--- START ---

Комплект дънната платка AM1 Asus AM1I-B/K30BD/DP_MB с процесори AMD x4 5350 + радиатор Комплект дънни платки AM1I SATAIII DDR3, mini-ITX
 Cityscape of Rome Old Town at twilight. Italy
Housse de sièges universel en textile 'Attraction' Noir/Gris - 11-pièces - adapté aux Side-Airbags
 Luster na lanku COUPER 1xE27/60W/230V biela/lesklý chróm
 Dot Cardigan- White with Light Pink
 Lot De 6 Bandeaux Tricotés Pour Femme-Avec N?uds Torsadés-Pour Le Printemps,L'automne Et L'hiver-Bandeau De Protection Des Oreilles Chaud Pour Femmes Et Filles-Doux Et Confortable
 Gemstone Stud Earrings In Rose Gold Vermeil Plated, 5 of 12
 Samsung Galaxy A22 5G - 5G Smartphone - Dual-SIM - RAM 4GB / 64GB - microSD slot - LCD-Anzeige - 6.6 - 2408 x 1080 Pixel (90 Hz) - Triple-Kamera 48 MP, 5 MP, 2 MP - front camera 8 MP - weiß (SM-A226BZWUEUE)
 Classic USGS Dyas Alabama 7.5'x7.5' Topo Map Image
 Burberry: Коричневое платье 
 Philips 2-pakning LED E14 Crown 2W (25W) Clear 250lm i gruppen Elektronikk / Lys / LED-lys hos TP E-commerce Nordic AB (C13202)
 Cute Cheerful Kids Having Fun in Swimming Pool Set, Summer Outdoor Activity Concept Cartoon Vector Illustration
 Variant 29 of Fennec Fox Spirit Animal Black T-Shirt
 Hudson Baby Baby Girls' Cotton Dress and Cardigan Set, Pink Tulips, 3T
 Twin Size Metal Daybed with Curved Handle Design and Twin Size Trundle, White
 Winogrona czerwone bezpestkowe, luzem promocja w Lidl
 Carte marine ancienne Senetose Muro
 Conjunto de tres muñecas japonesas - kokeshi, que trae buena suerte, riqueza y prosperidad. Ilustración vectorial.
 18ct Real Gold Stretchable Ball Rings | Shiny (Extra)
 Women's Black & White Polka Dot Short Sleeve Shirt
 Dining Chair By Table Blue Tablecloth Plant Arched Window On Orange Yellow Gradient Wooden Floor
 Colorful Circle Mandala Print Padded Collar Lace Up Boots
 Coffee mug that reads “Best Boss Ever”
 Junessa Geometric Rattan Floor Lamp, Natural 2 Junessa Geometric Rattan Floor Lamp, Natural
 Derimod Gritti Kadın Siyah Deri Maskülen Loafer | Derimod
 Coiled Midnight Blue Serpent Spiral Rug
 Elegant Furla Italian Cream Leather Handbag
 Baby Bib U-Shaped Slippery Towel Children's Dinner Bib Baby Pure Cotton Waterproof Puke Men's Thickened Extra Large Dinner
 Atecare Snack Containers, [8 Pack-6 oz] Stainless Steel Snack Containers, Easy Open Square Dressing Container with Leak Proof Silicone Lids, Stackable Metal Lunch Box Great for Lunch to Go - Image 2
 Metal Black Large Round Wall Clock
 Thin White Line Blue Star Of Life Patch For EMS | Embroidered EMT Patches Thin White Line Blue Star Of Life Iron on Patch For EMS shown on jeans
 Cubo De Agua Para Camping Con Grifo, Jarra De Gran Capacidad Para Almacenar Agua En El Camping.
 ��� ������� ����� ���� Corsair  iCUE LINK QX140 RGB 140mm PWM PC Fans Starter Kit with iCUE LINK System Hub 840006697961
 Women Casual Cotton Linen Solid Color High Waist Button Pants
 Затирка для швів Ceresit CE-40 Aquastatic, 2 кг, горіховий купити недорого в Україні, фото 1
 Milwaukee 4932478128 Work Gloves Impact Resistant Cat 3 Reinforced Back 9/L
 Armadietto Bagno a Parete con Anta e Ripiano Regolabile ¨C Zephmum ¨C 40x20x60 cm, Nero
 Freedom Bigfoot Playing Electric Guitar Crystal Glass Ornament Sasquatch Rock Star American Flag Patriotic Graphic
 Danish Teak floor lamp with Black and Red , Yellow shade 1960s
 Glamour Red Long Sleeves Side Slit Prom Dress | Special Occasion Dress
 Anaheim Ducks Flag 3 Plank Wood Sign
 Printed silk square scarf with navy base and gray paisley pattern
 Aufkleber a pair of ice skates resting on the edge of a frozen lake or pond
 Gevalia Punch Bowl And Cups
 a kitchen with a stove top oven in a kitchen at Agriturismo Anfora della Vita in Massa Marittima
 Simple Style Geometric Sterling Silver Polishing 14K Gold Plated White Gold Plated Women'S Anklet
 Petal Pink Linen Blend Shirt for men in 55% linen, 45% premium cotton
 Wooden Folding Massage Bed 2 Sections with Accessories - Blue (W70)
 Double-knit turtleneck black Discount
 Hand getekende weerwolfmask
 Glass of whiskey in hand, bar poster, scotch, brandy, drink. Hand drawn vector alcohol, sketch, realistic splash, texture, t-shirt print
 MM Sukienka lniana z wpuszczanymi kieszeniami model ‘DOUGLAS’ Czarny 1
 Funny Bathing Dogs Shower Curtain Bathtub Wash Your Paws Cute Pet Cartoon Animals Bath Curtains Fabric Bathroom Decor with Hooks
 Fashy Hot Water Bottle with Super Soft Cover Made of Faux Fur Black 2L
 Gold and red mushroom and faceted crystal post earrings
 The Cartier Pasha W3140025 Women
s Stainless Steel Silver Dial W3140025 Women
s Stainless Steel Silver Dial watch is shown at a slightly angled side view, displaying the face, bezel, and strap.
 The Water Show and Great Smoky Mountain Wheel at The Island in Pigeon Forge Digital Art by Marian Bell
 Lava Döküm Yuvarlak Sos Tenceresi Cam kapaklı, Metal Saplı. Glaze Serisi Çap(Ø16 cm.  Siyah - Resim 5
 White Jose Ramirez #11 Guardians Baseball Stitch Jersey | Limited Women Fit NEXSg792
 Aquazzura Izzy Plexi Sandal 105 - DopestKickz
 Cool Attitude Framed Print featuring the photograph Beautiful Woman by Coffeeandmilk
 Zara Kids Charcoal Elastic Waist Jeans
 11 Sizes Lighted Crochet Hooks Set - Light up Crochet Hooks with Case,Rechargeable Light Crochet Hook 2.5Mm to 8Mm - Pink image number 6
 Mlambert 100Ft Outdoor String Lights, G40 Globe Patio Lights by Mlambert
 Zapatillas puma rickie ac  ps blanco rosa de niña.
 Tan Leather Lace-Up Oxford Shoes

--- END ---

What to work on: What is needed is an exact copy of all the entries.

Response to this exercise:
Комплект дънната платка AM1 Asus AM1I-B/K30BD/DP_MB с процесори AMD x4 5350 + радиатор Комплект дънни платки AM1I SATAIII DDR3, mini-ITX
 Cityscape of Rome Old Town at twilight. Italy
Housse de sièges universel en textile 'Attraction' Noir/Gris - 11-pièces - adapté aux Side-Airbags
 Luster na lanku COUPER 1xE27/60W/230V biela/lesklý chróm
 Dot Cardigan- White with Light Pink
 Lot De 6 Bandeaux Tricotés Pour Femme-Avec N?uds Torsadés-Pour Le Printemps,L'automne Et L'hiver-Bandeau De Protection Des Oreilles Chaud Pour Femmes Et Filles-Doux Et Confortable
 Gemstone Stud Earrings In Rose Gold Vermeil Plated, 5 of 12
 Samsung Galaxy A22 5G - 5G Smartphone - Dual-SIM - RAM 4GB / 64GB - microSD slot - LCD-Anzeige - 6.6 - 2408 x 1080 Pixel (90 Hz) - Triple-Kamera 48 MP, 5 MP, 2 MP - front camera 8 MP - weiß (SM-A226BZWUEUE)
 Classic USGS Dyas Alabama 7.5'x7.5' Topo Map Image
 Burberry: Коричневое платье 
 Philips 2-pakning LED E14 Crown 2W (25W) Clear 250lm i gruppen Elektronikk / Lys / LED-lys hos TP E-commerce Nordic AB (C13202)
 Cute Cheerful Kids Having Fun in Swimming Pool Set, Summer Outdoor Activity Concept Cartoon Vector Illustration
 Variant 29 of Fennec Fox Spirit Animal Black T-Shirt
 Hudson Baby Baby Girls' Cotton Dress and Cardigan Set, Pink Tulips, 3T
 Twin Size Metal Daybed with Curved Handle Design and Twin Size Trundle, White
 Winogrona czerwone bezpestkowe, luzem promocja w Lidl
 Carte marine ancienne Senetose Muro
 Conjunto de tres muñecas japonesas - kokeshi, que trae buena suerte, riqueza y prosperidad. Ilustración vectorial.
 18ct Real Gold Stretchable Ball Rings | Shiny (Extra)
 Women's Black & White Polka Dot Short Sleeve Shirt
 Dining Chair By Table Blue Tablecloth Plant Arched Window On Orange Yellow Gradient Wooden Floor
 Colorful Circle Mandala Print Padded Collar Lace Up Boots
 Coffee mug that reads “Best Boss Ever”
 Junessa Geometric Rattan Floor Lamp, Natural 2 Junessa Geometric Rattan Floor Lamp, Natural
 Derimod Gritti Kadın Siyah Deri Maskülen Loafer | Derimod
 Coiled Midnight Blue Serpent Spiral Rug
 Elegant Furla Italian Cream Leather Handbag
 Baby Bib U-Shaped Slippery Towel Children's Dinner Bib Baby Pure Cotton Waterproof Puke Men's Thickened Extra Large Dinner
 Atecare Snack Containers, [8 Pack-6 oz] Stainless Steel Snack Containers, Easy Open Square Dressing Container with Leak Proof Silicone Lids, Stackable Metal Lunch Box Great for Lunch to Go - Image 2
 Metal Black Large Round Wall Clock
 Thin White Line Blue Star Of Life Patch For EMS | Embroidered EMT Patches Thin White Line Blue Star Of Life Iron on Patch For EMS shown on jeans
 Cubo De Agua Para Camping Con Grifo, Jarra De Gran Capacidad Para Almacenar Agua En El Camping.
 ��� ������� ����� ���� Corsair  iCUE LINK QX140 RGB 140mm PWM PC Fans Starter Kit with iCUE LINK System Hub 840006697961
 Women Casual Cotton Linen Solid Color High Waist Button Pants
 Затирка для швів Ceresit CE-40 Aquastatic, 2 кг, горіховий купити недорого в Україні, фото 1
 Milwaukee 4932478128 Work Gloves Impact Resistant Cat 3 Reinforced Back 9/L
 Armadietto Bagno a Parete con Anta e Ripiano Regolabile ¨C Zephmum ¨C 40x20x60 cm, Nero
 Freedom Bigfoot Playing Electric Guitar Crystal Glass Ornament Sasquatch Rock Star American Flag Patriotic Graphic
 Danish Teak floor lamp with Black and Red , Yellow shade 1960s
 Glamour Red Long Sleeves Side Slit Prom Dress | Special Occasion Dress
 Anaheim Ducks Flag 3 Plank Wood Sign
 Printed silk square scarf with navy base and gray paisley pattern
 Aufkleber a pair of ice skates resting on the edge of a frozen lake or pond
 Gevalia Punch Bowl And Cups
 a kitchen with a stove top oven in a kitchen at Agriturismo Anfora della Vita in Massa Marittima
 Simple Style Geometric Sterling Silver Polishing 14K Gold Plated White Gold Plated Women'S Anklet
 Petal Pink Linen Blend Shirt for men in 55% linen, 45% premium cotton
 Wooden Folding Massage Bed 2 Sections with Accessories - Blue (W70)
 Double-knit turtleneck black Discount
 Hand getekende weerwolfmask
 Glass of whiskey in hand, bar poster, scotch, brandy, drink. Hand drawn vector alcohol, sketch, realistic splash, texture, t-shirt print
 MM Sukienka lniana z wpuszczanymi kieszeniami model ‘DOUGLAS’ Czarny 1
 Funny Bathing Dogs Shower Curtain Bathtub Wash Your Paws Cute Pet Cartoon Animals Bath Curtains Fabric Bathroom Decor with Hooks
 Fashy Hot Water Bottle with Super Soft Cover Made of Faux Fur Black 2L
 Gold and red mushroom and faceted crystal post earrings
 The Cartier Pasha W3140025 Women
s Stainless Steel Silver Dial W3140025 Women
s Stainless Steel Silver Dial watch is shown at a slightly angled side view, displaying the face, bezel, and strap.
 The Water Show and Great Smoky Mountain Wheel at The Island in Pigeon Forge Digital Art by Marian Bell
 Lava Döküm Yuvarlak Sos Tenceresi Cam kapaklı, Metal Saplı. Glaze Serisi Çap(Ø16 cm.  Siyah - Resim 5
 White Jose Ramirez #11 Guardians Baseball Stitch Jersey | Limited Women Fit NEXSg792
 Aquazzura Izzy Plexi Sandal 105 - DopestKickz
 Cool Attitude Framed Print featuring the photograph Beautiful Woman by Coffeeandmilk
 Zara Kids Charcoal Elastic Waist Jeans
 11 Sizes Lighted Crochet Hooks Set - Light up Crochet Hooks with Case,Rechargeable Light Crochet Hook 2.5Mm to 8Mm - Pink image number 6
 Mlambert 100Ft Outdoor String Lights, G40 Globe Patio Lights by Mlambert
 Zapatillas puma rickie ac  ps blanco rosa de niña.
 Tan Leather Lace-Up Oxford Shoes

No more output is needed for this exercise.